**Instructions for the task**:
Extract every line from the records below that contains the word "Apartment".
====== Supplied material ======
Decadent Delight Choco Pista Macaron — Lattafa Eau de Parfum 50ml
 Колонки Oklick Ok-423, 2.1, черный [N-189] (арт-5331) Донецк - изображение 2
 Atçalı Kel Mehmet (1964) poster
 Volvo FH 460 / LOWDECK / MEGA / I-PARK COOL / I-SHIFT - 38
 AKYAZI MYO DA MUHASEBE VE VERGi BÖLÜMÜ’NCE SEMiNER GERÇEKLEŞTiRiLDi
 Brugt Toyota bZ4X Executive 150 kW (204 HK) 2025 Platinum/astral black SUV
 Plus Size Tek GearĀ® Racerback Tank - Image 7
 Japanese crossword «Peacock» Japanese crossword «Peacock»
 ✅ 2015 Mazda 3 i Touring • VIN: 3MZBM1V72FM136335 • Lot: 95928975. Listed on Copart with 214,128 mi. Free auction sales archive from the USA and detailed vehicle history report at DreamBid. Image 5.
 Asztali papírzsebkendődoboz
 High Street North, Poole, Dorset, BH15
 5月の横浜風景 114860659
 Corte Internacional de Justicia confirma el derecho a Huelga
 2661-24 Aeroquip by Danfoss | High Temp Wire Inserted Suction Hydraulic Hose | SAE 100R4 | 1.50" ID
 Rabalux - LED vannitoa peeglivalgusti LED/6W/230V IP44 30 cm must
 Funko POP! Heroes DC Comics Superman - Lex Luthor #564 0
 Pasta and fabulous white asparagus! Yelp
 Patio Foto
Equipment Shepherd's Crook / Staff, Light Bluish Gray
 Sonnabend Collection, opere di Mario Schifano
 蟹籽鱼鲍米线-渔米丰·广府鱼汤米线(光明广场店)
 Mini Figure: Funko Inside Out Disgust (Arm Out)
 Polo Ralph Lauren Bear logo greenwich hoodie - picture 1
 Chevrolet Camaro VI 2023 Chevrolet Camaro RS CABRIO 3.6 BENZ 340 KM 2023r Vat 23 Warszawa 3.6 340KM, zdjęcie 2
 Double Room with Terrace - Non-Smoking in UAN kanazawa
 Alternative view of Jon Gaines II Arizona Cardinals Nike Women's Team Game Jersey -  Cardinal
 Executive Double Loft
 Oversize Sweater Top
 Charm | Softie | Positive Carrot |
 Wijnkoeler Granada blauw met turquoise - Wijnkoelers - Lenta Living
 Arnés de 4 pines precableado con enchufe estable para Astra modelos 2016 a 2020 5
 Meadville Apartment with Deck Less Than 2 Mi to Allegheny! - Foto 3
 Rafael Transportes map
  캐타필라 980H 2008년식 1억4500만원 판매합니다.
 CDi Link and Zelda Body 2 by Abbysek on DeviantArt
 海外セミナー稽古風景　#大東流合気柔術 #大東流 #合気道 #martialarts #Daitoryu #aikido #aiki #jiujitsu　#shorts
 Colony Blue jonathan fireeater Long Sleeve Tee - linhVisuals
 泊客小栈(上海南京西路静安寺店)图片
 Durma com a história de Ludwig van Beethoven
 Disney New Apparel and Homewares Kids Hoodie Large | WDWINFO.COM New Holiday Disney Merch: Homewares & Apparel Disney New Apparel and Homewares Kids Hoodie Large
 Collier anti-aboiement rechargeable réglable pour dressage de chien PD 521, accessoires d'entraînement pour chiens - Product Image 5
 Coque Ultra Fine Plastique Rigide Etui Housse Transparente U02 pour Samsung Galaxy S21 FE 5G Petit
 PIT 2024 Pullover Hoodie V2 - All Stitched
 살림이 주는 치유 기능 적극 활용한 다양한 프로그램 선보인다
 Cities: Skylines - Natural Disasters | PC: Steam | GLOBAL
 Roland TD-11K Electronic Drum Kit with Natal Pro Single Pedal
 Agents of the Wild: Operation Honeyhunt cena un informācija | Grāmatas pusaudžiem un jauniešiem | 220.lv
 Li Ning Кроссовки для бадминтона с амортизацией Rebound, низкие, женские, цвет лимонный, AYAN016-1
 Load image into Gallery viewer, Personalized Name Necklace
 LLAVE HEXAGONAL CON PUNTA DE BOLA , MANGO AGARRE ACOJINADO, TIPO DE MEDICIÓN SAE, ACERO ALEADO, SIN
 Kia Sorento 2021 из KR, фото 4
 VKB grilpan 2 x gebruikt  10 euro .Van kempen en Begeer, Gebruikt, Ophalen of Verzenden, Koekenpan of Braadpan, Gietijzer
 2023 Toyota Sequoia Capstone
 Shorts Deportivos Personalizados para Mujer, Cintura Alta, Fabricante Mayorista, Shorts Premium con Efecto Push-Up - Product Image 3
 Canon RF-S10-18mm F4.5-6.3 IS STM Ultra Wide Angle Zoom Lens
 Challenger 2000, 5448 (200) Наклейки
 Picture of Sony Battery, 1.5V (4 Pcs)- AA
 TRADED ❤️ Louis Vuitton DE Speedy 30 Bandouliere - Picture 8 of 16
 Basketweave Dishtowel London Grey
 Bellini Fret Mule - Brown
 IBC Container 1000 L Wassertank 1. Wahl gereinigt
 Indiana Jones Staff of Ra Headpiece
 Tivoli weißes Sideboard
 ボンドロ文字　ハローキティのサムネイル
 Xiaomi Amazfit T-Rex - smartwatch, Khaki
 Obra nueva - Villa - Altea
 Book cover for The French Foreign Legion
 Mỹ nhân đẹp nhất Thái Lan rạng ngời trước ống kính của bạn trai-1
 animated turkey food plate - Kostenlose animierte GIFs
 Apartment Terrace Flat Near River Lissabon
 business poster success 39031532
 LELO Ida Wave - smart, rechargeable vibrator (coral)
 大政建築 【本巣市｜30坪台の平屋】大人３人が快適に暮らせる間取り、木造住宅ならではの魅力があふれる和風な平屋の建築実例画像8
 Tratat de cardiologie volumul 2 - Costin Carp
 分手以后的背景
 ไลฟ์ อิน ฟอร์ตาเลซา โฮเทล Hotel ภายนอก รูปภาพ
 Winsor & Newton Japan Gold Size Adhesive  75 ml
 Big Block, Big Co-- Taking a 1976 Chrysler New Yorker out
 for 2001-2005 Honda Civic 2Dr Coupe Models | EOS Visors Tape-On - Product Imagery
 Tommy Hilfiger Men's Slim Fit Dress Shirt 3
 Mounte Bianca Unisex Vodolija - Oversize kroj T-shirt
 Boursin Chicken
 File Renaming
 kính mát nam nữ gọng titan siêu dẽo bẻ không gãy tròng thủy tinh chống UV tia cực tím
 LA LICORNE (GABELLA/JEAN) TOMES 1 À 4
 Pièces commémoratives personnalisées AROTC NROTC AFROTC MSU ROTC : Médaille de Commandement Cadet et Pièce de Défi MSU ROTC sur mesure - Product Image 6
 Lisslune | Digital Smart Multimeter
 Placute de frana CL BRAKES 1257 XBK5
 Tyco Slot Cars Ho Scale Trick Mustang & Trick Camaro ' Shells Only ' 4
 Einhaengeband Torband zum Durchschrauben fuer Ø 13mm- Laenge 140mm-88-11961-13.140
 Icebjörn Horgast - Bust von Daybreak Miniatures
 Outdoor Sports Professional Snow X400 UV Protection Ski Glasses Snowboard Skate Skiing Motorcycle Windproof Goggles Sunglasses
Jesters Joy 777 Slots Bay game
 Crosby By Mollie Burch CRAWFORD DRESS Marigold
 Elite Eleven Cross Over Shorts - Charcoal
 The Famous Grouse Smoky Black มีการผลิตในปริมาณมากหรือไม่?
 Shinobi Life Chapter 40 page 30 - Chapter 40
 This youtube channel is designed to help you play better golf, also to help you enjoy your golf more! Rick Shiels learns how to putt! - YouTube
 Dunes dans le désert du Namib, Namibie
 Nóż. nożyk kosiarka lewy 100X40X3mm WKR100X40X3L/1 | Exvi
======
**Your solution**:
 Meadville Apartment with Deck Less Than 2 Mi to Allegheny! - Foto 3
 Apartment Terrace Flat Near River Lissabon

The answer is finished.